Data Compliance Automation

Compliance and security issues can mean that the process of gaining access to production data for ML experiments or testing purposes can be a lengthy and costly process, disrupting the workflow of data engineers and increasing the lead time of projects. Furthermore, once data access is granted it may prove that the dataset is inappropriate for an engineers needs, meaning the whole process of gaining data access must be restarted.

The concerns regarding the presence of sensitive information in data pipelines can be alleviated through the use of synthetic data. Synthetic data (such as the data generated by the HighDimSynthesizer), prevents certain privacy attacks as there is no 1-1 mapping between the original data and the synthetic.

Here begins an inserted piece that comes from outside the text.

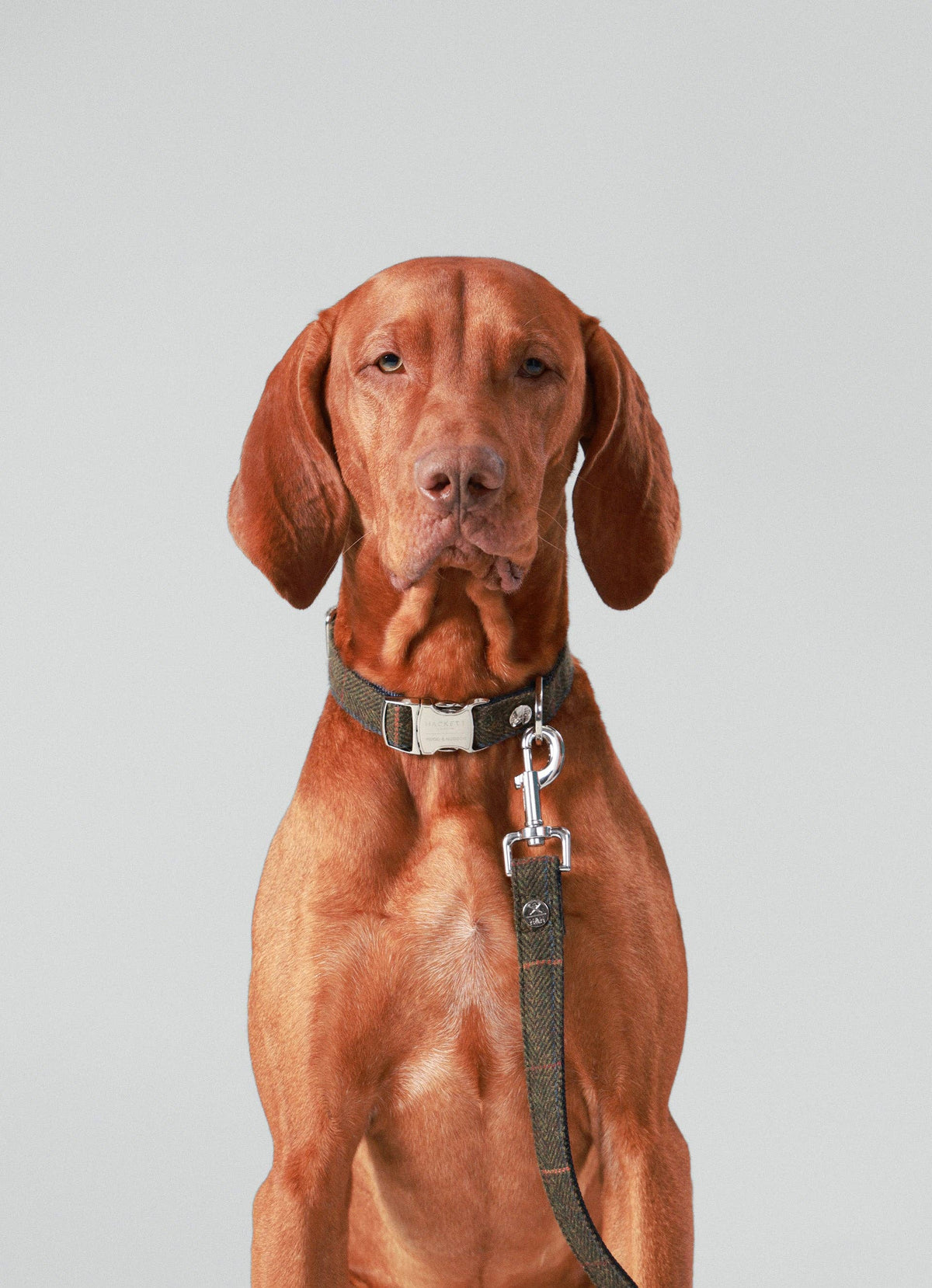 Hackett x Hugo Hudson Dark Green Checked Tweed Dog Lead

A range of tools are available as part of the SDK that can be combined in an extensible manner in order to deal with various types of sensitive information:

Privacy Tool Guide Description

Entity Annotation

Annotations provide the ability to link multiple related columns and synthesize realistic data as a whole.

Differential Privacy

The package provides methods for Differential Privacy which enforce mathematical guarantees on the privacy of the generated data.

Privacy Masks

The privacy masking tools allow for more conventional methods of privacy preservation to be combined with Synthetic data.

Strict Synthesis

The Sanitizer allows for a strict synthesis method where no synthetic data point will be nearby an original data point.

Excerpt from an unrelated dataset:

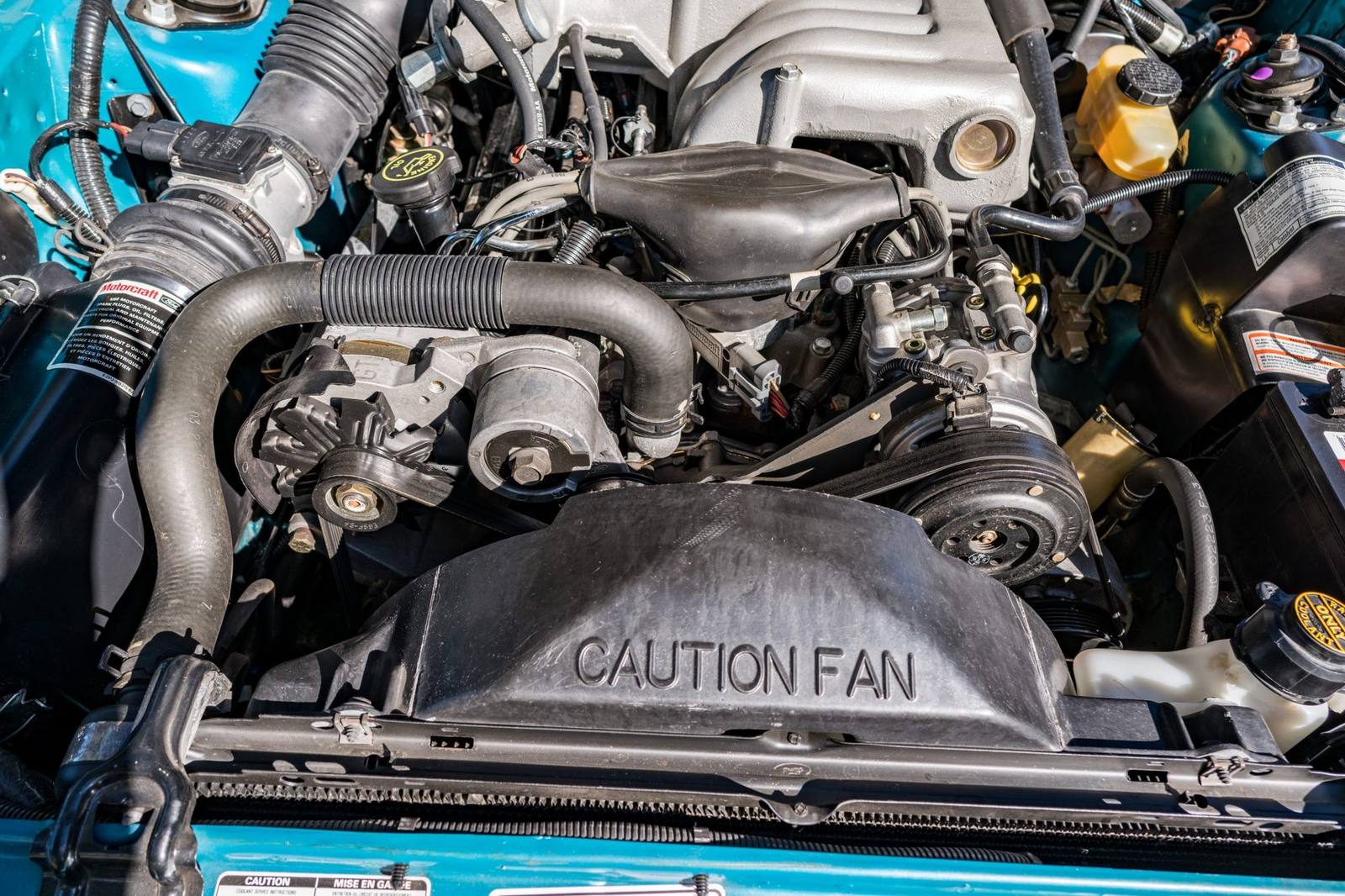 SVT Cobra (Fox)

Anonymization and Synthetic Data

Synthesized provides a comprehensive toolset to generate synthetic data that can be efficiently used for development and testing purposes. When deciding what tools to use when generating synthetic data, it is important to understand the types of sensitive data present in the original dataset.

There are typically three common types of data classifications:

  • 1. Client Identifying Data or Personally Identifiable Information (CID or PII data) or data handled as CID/PII

  • Cat:A Direct CID/PII

  • Cat:B Indirect sensitive ID for CID/PII

  • Cat:C CID/PII resulting from a combination of multiple attributes (e.g. Bank Sort Code + Bank Account Number)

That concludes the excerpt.